As another aside, when the real estate agent gave me the key the day before, he pointed out to me that it had no room number on it, but said “you can see it has the word WEST written on it, which means it’s the right one” (my apartment is on the west side of the building). Hmmm… famous last words.

So I was starting to yell at the real estate, the electricity guy was looking on in fear, the removalists were laughing, the Delightful Miss E was explaining things to the electricity guy, the rain was falling … then the removalists revealed that they wait for $35 per 30 minutes, and everything smoothed out. The real estate offered to pay while we waited for the locksmith, and then we all just waited. Fortunately he contacted the landlord (who lives nearby) just a few minutes later, and scored a key. Win!

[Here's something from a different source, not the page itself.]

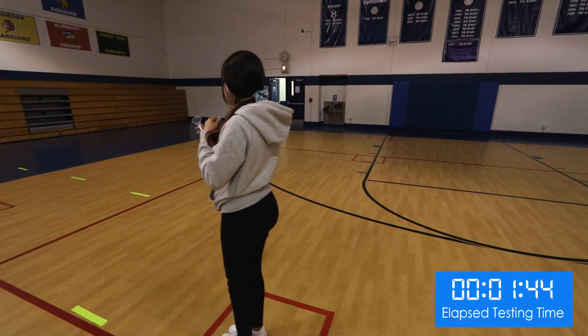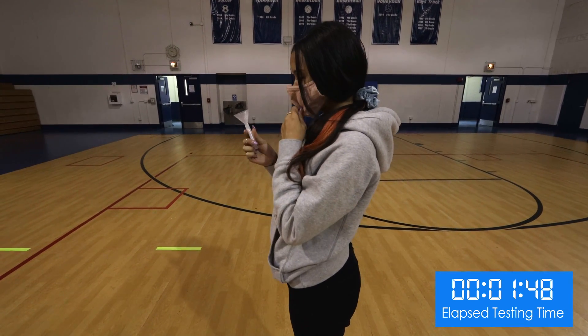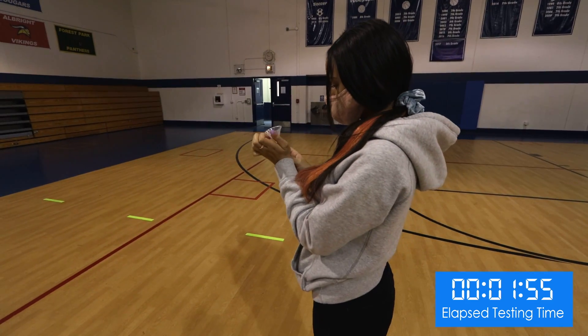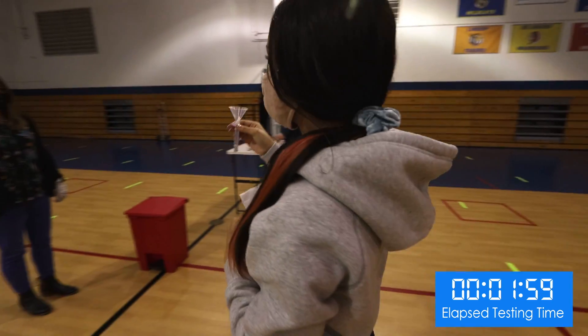She proceeds to a designated area, removes her mask, and begins depositing saliva in the tube using the funnel. She taps the side of the tube lightly to settle any bubbles and raises her hand once her saliva reaches the fill line.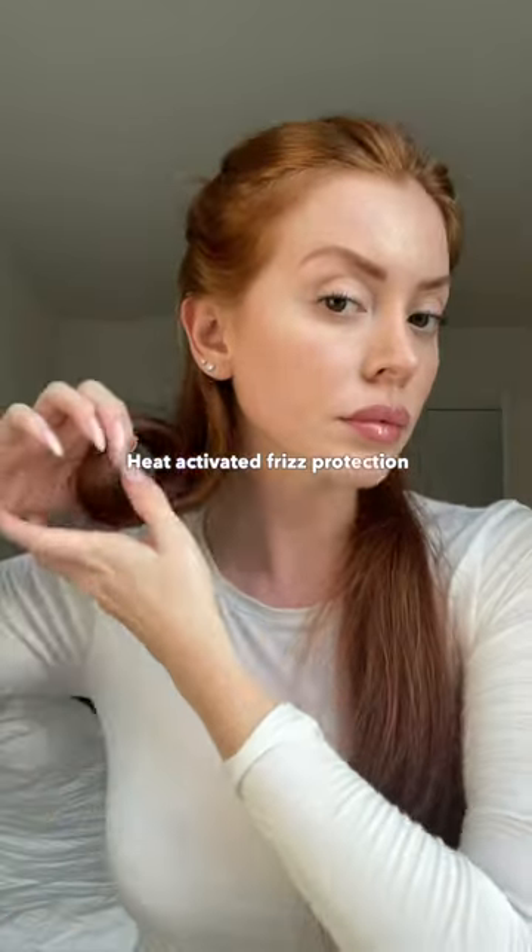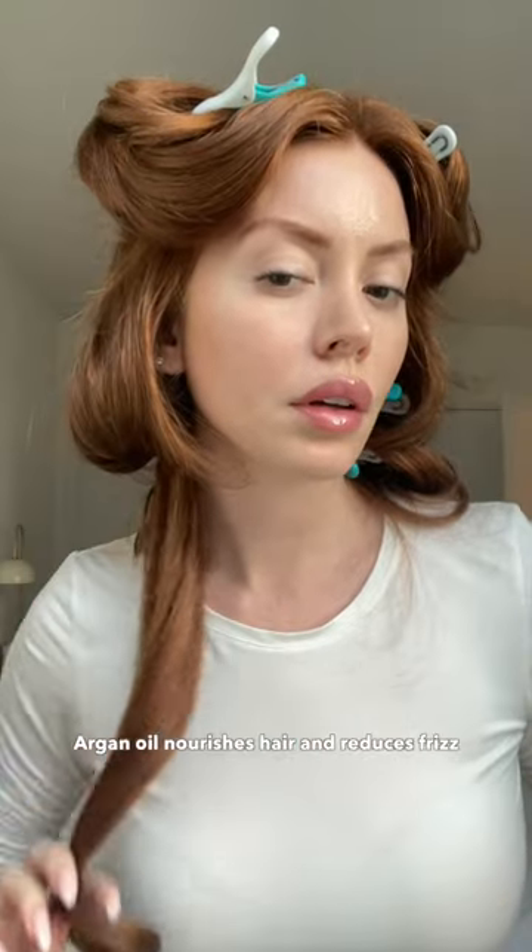Roll that up and pin it. Same for the rest of your hair. Let it cool and you'll get sleek, frizz-free hair that lasts for days.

I’m still pretty pissed off with him though. This was Sunday, so his shop was open, but if I had been moving on a Wednesday his shop would have been closed, I wouldn’t have been able to contact him, I wouldn’t have been able to get into my house, and would have had to send the removalists away (or pay them to wait a day!) So, note to self: never move on the  day that the real estate is shut. Also, maybe punching your real estate’s lights out when you meet him, just to remind him of his place in the universe, is a good idea. Just in case. Anyway, this proves that real estate agents are incompetent, without fail, the world over – I had expected better in Japan, where being thorough about details like “is this the right key?” is standard in most workplaces, but the real estate business must have not read that memo. Wankers!

The Dazai curse

So I also discovered from my landlord that my house is situated right next to the bridge where the famous Japanese author Osamu Dazai killed himself with his lover Tomie Yamazaki. He seems like a pretty dissolute and useless kind of chap – maybe his ghost is stalking the area, making real estate agents incompetent and disconnecting landlord’s phones? Actually, I think he did himself in a little further south of my house, towards Shimorenjo. Looking at the canal now, even my cat couldn’t drown in it, but apparently back in the day it was much more ferocious. Anyway, I guess if this house turns out to be cursed, it’s the fault of Japan’s version of Lord Byron. I’ll have a thing or two to say if I meet that ghost!

Cat Acupuncture

In amongst all this, it had become apparent that our cat Arashi chan was somehow sick: his nictitating membrane was showing, which is definitely not normal, and by Saturday night his eyes were half-covered. I did a brief web search and discovered it’s probably just stress, but I didn’t know a vet near my house (of course there are three, I now know) so we decided that it would be a good idea to take him to the vet we know, near our old house. So after successfully not gutting our real estate agent and feasting on his liver in the street in front of our new house, challenging though it was to show such restraint, we decided that it might be best if we went back to the old house (where, fortunately, he was still safely ensconced) and took him to his regular vet. So off to the vet, where the nurse on reception remembered Arashi chan’s name as soon as we walked in even though we hadn’t seen them since last September. He’s a lady’s man, our Arashi chan.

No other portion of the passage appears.